Se puede pensar que se obtiene aplicando un suavizado lineal a $(\mathbf{x}i, Y(\mathbf{x}_i))$: $$\hat{\boldsymbol{\mu}} = \mathbf{SY},$$ siendo $\mathbf{S}$ la matriz de suavizado con $\mathbf{s}{\mathbf{x}_{i}}^{t}$ en la fila $i$.

Implementación en el paquete npsp

La estimación polinómica local está implementada en la función genérica locpol:

Ejemplo

lp <- locpol(bin, h = diag(100, 2), hat.bin = TRUE)  
# Perspective plot with a color scale
spersp(lp, main = 'Trend estimates', zlab = 'piezometric-head', theta = 120)   
cpu.time(total = FALSE)

Estimación del variograma

Al igual que en la geoestadística paramétrica tradicional, el modelado de la dependencia se realiza a partir de los residuos: $$e(\mathbf{x}{i})=Y(\mathbf{x}{i})-\hat{\mu}(\mathbf{x}{i}).$$ Si la media se supone cte. (proceso estacionario) se trabaja directamente con las observaciones (se sustituiría $e(\mathbf{x}{i})$ por $Y(\mathbf{x}_{i})$ en las expresiones).

La estimación se realiza en dos pasos, en primer lugar se obtiene una estimación piloto del variograma y posteriormente se ajusta un modelo válido.

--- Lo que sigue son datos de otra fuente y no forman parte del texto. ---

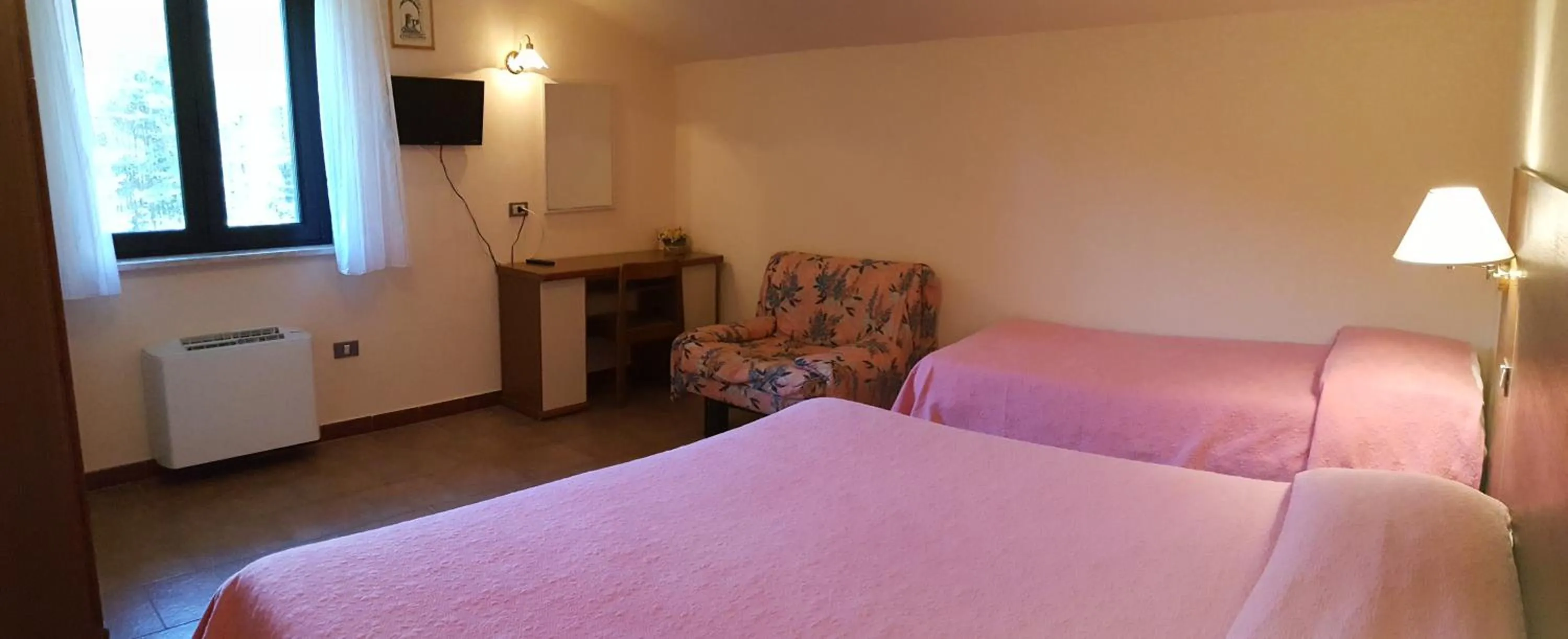 Bedroom, Bed in Hotel del Lago Ampollino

Estimación piloto del variograma

En los métodos tradicionales se trata como un caso particular de regresión: $$\gamma\left( \mathbf{x}{i}-\mathbf{x}{j}\right) =\frac{1}{2}E\left( \varepsilon(\mathbf{x}{i})-\varepsilon(\mathbf{x}{j})\right)^{2}$$ con $N=\frac{n(n-1)}{2}$ observaciones: $${\left(\mathbf{x}{i}-\mathbf{x}{j}, (e(\mathbf{x}{i})-e(\mathbf{x}{j}))^2 / 2 \right)},$$ asumiendo que la variabilidad de los residuos es (similar a) la de los errores.

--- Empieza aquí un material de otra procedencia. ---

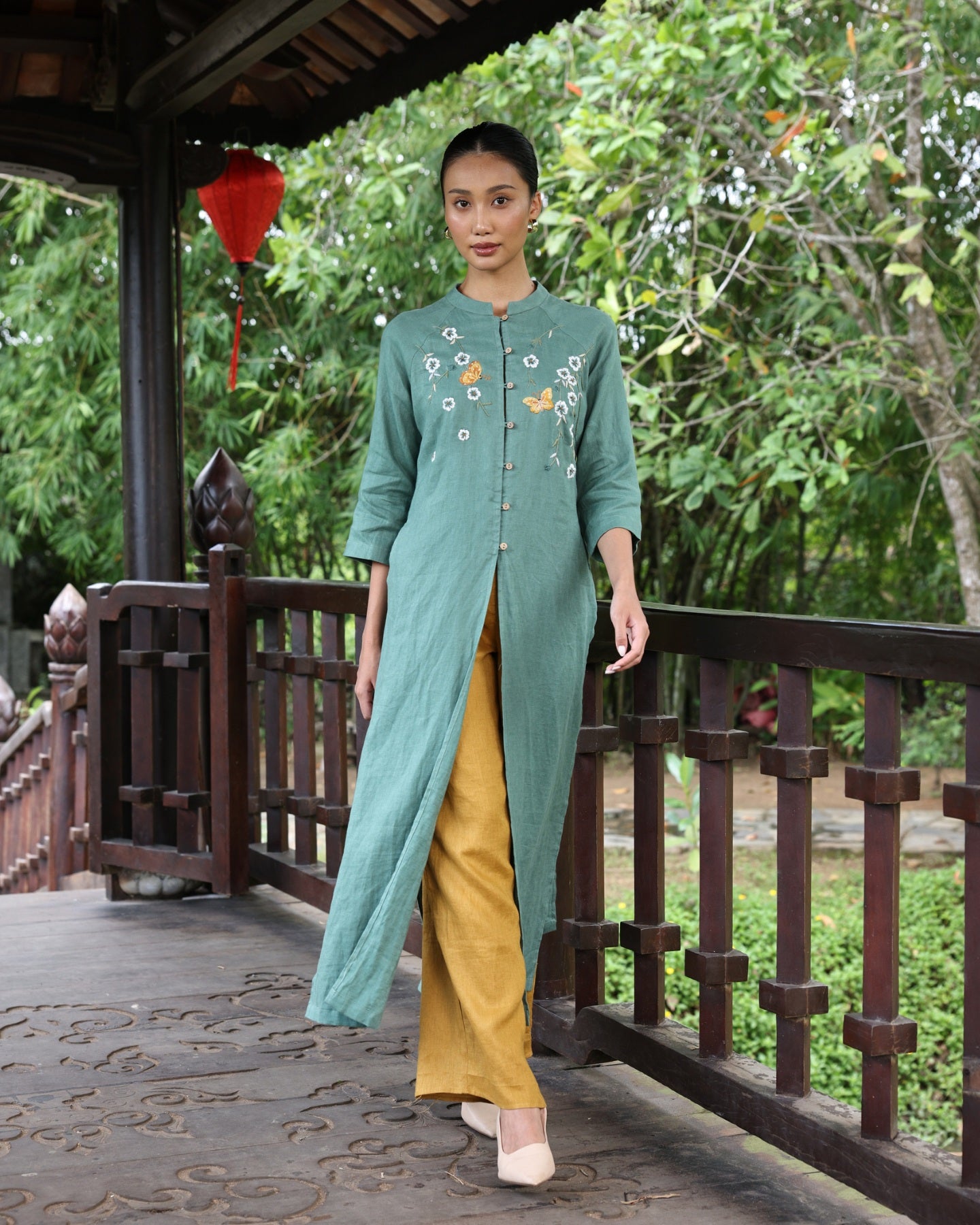 Long embroidered linen tunic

La estimación polinómico local $\hat{\gamma}{\mathbf{G}}(\mathbf{u}) = \hat{\beta}{0}$ se obtendría minimizando: $$\begin{aligned} \min_{\beta_{0}, \boldsymbol{\beta}{1}, \cdots} \sum{i=1}^{n}\left( \frac{1}{2} \left( e(\mathbf{x}{i})-e(\mathbf{x}{j}) \right)^{2} - \beta_{0} - {\boldsymbol{\beta}}{1}^{t} (\mathbf{x}{i} - \mathbf{x}{j} - \mathbf{u}) - \cdots\right) ^{2}\times & \ K{\mathbf{G}}(\mathbf{x}{i}-\mathbf{x}{j}-\mathbf{u}) & \end{aligned},$$ siendo $\mathbf{G}$ la correspondiente matriz de ventanas.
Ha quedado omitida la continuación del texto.